Forderungen des GEG 2020 erfüllen

Schlanke Dämmlösungen

Seit November 2020 gilt das neue Gebäudeenergiegesetz GEG 2020. Jetzt werden alle Neubauten grundsätzlich als Niedrigstenergiegebäude geplant und gebaut. Aber auch bei der Sanierung im Bestand, ist es viel einfacher als angenommen, Energiesparmaßnahmen anzugehen und Energiesparanforderungen zu entsprechen.

Dachdämmung nach GEG 2020: Schlanke PU-Aufsparrendämmungen sorgen für einen wirtschaftlichen Wärmeschutz. Foto: puren
Dachdämmung nach GEG 2020: Schlanke PU-Aufsparrendämmungen sorgen für einen wirtschaftlichen Wärmeschutz. Foto: puren

Einfache Sanierung

Mit einem U-Wert* von 0,24 W/(m²K) sind die Anforderungen an den Wärmeschutz von Dächern in der Sanierung leicht lösbar. Diese Anforderung
erfüllt bereits eine 100 mm dicke Polyurethan (PU)-Dämmung. Beim Einsatz einer Aufsparrendämmung wird die Luftdichtheitsebene und die Dämmung über den Sparren angeordnet. Die Wohnräume darunter bleiben von der Sanierung unberührt.

Ist im Altbau bereits eine solide Zwischensparrendämmung vorhanden, kann diese in die Wärmeschutzberechnung einbezogen werden. Liegt zum Beispiel eine funktionstüchtige 80 mm dicke Mineralwolle-Zwischensparrendämmung in den Gefachen der Dachkonstruktion, genügt bereits eine 60 mm dicke PUAufsparrendämmung  um den geforderten U-Wert von 0,24 W/(m²K) zu erreichen.

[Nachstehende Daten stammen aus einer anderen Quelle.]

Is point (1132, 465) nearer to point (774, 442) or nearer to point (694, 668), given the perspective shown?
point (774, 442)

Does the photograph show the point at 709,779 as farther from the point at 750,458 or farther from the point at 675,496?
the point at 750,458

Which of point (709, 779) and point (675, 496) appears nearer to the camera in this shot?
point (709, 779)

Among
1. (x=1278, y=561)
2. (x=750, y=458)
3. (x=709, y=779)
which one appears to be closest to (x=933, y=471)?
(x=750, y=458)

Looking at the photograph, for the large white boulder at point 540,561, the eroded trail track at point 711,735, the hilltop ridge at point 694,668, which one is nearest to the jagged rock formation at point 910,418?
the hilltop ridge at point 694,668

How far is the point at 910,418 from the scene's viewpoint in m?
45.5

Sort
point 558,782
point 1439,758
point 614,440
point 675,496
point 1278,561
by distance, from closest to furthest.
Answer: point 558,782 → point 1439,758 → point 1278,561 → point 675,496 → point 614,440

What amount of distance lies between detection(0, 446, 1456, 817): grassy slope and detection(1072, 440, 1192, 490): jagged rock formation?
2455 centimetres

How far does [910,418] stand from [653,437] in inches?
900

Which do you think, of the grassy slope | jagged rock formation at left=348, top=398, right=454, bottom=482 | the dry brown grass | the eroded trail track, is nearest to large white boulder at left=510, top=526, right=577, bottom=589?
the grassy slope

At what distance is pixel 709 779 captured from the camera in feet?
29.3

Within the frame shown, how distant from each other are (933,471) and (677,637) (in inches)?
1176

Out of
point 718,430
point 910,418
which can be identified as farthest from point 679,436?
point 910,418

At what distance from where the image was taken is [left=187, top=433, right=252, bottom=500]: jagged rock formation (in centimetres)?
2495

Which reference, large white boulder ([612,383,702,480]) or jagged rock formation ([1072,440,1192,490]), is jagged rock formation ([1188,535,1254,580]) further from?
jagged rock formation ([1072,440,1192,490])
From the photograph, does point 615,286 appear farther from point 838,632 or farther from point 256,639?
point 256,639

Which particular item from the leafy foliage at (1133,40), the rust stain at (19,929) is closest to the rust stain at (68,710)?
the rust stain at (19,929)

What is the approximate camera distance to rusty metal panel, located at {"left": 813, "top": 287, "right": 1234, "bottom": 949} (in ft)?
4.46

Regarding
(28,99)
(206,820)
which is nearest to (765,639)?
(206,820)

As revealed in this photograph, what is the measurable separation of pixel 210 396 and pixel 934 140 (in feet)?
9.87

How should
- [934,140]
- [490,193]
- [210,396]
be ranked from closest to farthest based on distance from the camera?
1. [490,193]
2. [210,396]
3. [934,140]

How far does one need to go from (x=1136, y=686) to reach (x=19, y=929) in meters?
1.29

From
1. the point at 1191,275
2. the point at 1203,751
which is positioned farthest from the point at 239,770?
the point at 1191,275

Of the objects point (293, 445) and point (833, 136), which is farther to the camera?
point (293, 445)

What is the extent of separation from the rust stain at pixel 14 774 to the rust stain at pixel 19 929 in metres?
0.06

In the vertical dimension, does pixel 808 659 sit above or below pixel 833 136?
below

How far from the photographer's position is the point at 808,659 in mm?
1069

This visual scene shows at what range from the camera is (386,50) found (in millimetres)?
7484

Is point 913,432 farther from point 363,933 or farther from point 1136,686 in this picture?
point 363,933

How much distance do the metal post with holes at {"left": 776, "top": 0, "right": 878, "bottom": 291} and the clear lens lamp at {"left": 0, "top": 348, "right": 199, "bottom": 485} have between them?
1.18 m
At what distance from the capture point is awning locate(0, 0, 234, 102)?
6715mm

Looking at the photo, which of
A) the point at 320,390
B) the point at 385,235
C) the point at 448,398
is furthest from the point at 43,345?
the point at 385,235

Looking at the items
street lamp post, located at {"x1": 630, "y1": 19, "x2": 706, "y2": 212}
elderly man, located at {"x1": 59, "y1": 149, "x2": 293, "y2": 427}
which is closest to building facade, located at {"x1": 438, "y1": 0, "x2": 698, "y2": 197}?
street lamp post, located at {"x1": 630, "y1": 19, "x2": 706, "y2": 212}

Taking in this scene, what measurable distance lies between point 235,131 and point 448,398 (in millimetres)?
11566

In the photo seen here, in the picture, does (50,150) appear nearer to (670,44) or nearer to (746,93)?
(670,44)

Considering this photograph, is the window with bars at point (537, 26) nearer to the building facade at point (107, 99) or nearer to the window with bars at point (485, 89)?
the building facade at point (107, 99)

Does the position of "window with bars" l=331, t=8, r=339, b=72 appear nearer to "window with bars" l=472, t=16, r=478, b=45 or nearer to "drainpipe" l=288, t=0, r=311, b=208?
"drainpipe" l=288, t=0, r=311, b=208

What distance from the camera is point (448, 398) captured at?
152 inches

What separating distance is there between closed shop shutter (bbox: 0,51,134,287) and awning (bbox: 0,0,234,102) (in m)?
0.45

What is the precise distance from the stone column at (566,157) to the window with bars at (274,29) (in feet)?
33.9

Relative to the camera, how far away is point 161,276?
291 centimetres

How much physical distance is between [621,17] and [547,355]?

Den Altbau auf den neuesten Stand der Technik bringen

Wenn schon, denn schon: Ist die Baustelle eingerichtet, Gerüste aufgestellt und das Personal bezahlt, macht die Dämmung dann nur noch rund 20 % der Investition aus. So empfiehlt der Dämmstoffhersteller puren aus Überlingen bei der Gelegenheit sein Haus auf den neuesten und aktuellen Stand der Technik zu bringen.

Mit Unterstützung der KfW-Förderung sind die 6 cm mehr PU-Dämmung, die ein Dach darüber hinaus bis zum Passivhausstandard veredelt, vom Förderprogramm nicht nur bezahlt, sondern bringen obendrein eine schöne Rendite ein.

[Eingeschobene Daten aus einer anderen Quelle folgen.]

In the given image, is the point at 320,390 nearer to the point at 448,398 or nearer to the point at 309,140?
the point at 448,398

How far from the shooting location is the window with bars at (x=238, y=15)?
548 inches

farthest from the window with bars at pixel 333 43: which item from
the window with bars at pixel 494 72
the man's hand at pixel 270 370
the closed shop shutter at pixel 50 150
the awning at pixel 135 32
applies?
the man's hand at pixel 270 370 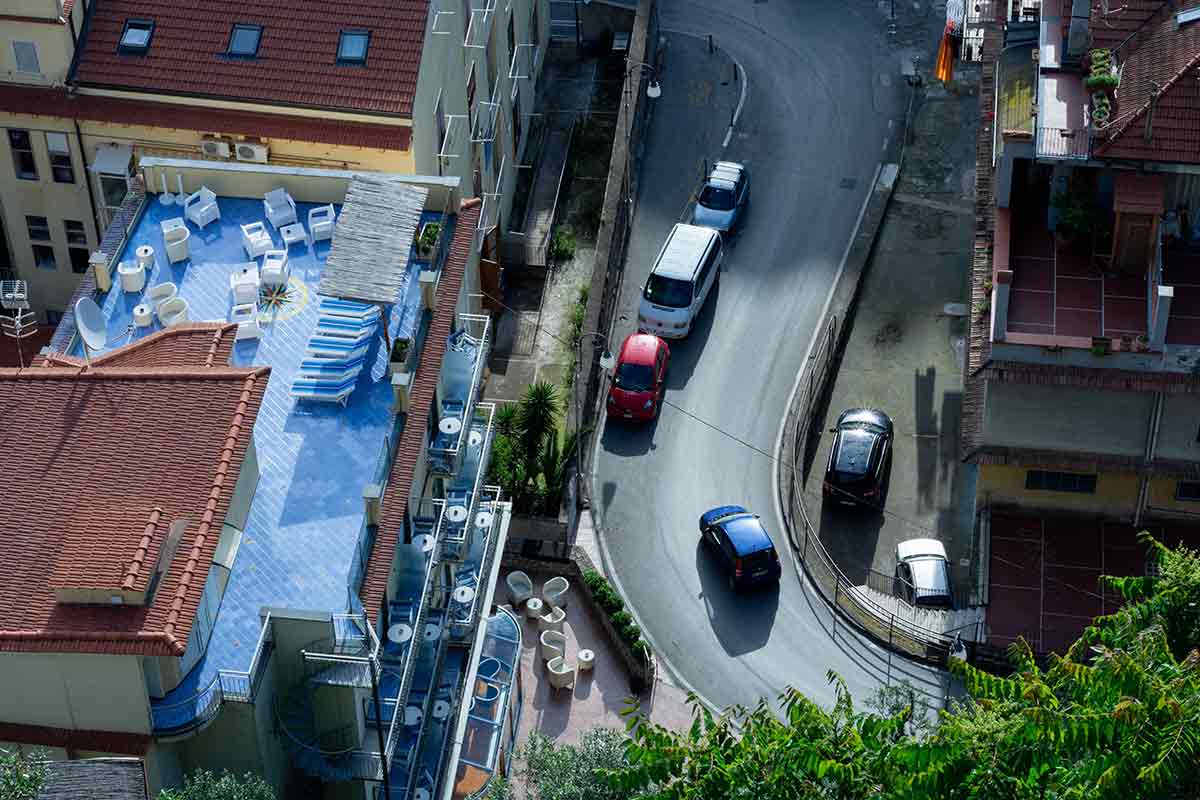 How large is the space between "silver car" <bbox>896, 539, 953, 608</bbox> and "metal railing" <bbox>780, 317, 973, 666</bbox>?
1.06 meters

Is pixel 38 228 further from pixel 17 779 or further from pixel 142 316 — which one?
pixel 17 779

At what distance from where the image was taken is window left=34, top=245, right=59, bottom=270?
70750mm

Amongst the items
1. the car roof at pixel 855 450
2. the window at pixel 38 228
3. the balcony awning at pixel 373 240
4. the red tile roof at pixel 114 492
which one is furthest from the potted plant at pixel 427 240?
the car roof at pixel 855 450

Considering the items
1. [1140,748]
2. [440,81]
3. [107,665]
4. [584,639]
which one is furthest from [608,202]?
[1140,748]

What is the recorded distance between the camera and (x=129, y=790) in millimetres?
41375

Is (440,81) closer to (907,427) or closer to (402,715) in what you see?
(907,427)

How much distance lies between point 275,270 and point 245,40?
11.4 metres

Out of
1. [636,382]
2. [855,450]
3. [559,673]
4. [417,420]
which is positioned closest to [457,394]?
[417,420]

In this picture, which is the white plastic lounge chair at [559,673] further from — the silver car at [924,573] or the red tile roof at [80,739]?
the red tile roof at [80,739]

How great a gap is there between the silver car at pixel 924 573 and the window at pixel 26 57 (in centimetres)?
3392

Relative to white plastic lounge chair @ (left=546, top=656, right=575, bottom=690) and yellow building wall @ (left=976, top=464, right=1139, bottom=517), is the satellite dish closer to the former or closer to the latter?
white plastic lounge chair @ (left=546, top=656, right=575, bottom=690)

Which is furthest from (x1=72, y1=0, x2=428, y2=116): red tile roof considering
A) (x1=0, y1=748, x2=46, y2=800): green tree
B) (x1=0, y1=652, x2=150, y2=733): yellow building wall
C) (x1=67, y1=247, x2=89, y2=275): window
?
(x1=0, y1=748, x2=46, y2=800): green tree

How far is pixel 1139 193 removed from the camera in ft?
206

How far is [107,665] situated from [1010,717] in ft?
65.9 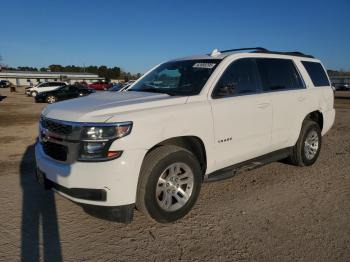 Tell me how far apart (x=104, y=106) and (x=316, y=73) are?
4350 mm

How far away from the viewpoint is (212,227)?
3.88m

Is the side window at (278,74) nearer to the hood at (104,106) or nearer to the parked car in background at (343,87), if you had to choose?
the hood at (104,106)

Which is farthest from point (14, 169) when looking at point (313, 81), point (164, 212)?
point (313, 81)

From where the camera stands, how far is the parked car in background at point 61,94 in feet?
88.2

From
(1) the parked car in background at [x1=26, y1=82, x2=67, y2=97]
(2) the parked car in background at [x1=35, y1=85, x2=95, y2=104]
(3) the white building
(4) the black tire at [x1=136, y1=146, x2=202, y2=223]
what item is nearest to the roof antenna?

Förderung z.B. für eine Dachsanierung

Wer für eine Dachsanierung Förderungen von der KfW oder durch steuerliche Erleichterungen nach ESanMV (Energetische Sanierungsmaßnahmen) in Anspruch nehmen will, muss seine Steildachkonstruktion mit einem U-Wert von höchstens 0,14 W/(m²K) errichten. Dann gibt es 20 % Förderung für die Baumaßnahme.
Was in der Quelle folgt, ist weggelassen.